(Beginning of Material for this exercise)

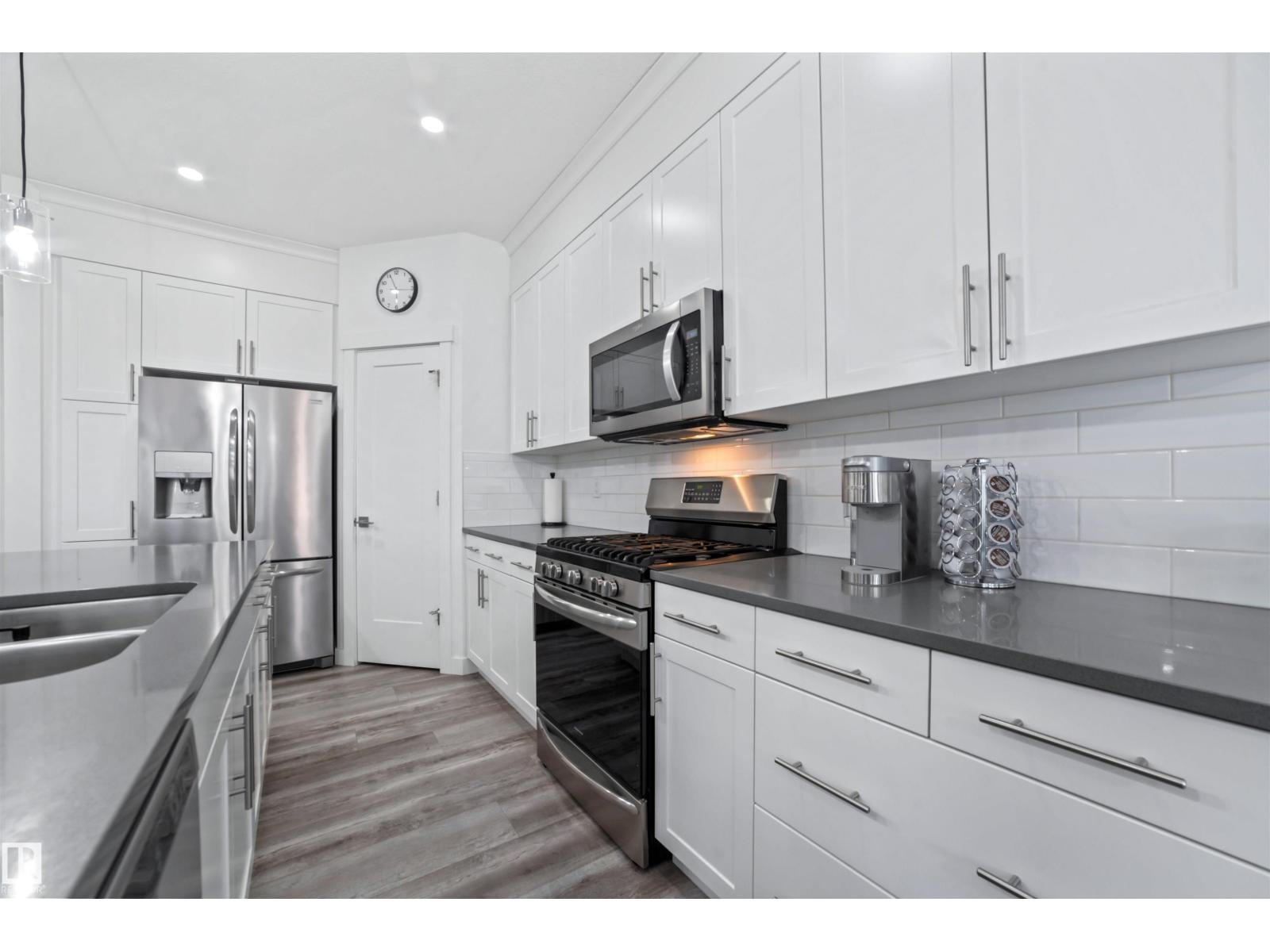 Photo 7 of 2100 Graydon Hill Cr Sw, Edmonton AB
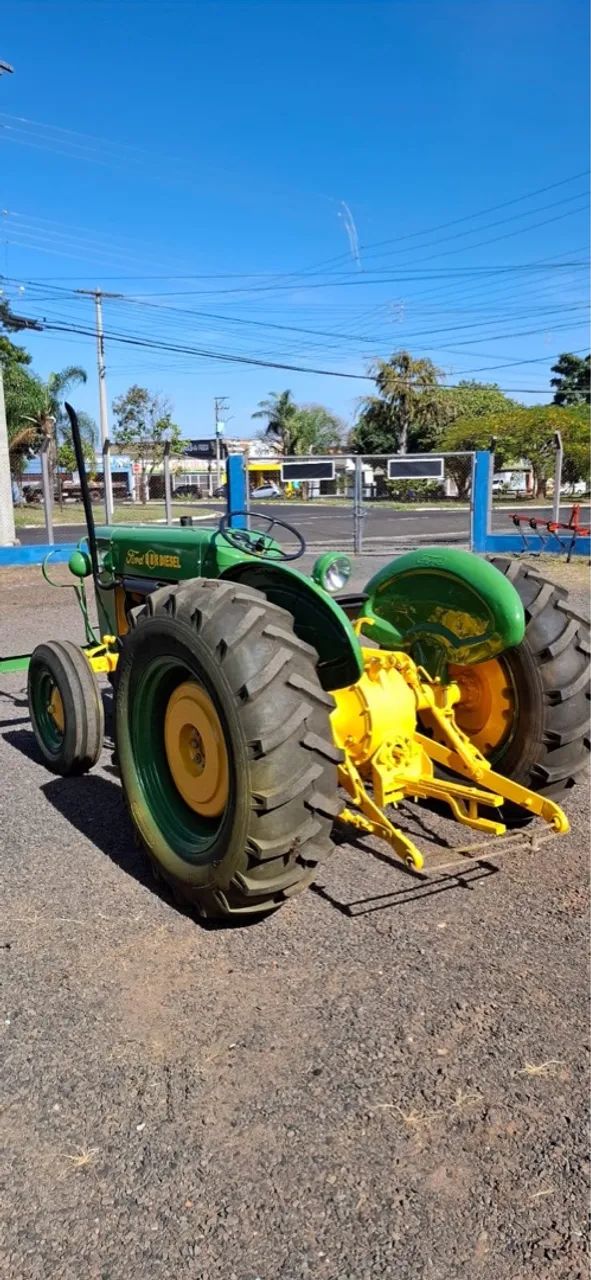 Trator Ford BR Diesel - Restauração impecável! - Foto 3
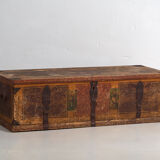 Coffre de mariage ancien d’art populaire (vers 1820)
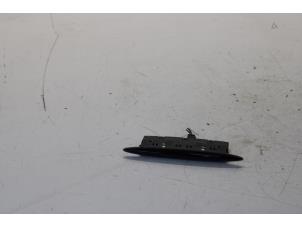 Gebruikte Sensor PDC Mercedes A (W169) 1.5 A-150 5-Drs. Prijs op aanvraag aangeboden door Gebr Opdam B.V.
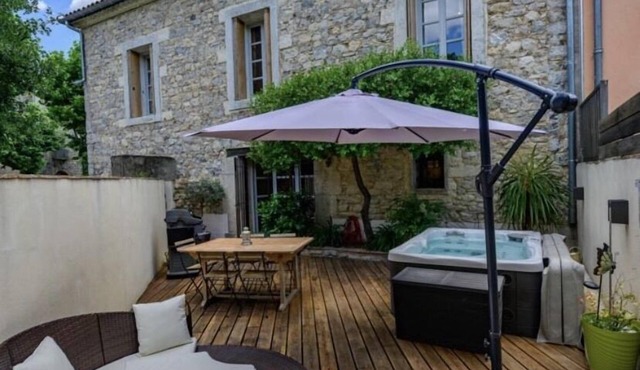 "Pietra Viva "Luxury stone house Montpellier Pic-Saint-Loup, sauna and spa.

(End of Material for this exercise)

**Your goal**
Where the line with "Trator Ford BR" appears, begin there and transcribe exactly through the last line of the data, leaving all pictures aside.

**The answer**
 Trator Ford BR Diesel - Restauração impecável! - Foto 3
 Coffre de mariage ancien d’art populaire (vers 1820)
 Gebruikte Sensor PDC Mercedes A (W169) 1.5 A-150 5-Drs. Prijs op aanvraag aangeboden door Gebr Opdam B.V.
 "Pietra Viva "Luxury stone house Montpellier Pic-Saint-Loup, sauna and spa.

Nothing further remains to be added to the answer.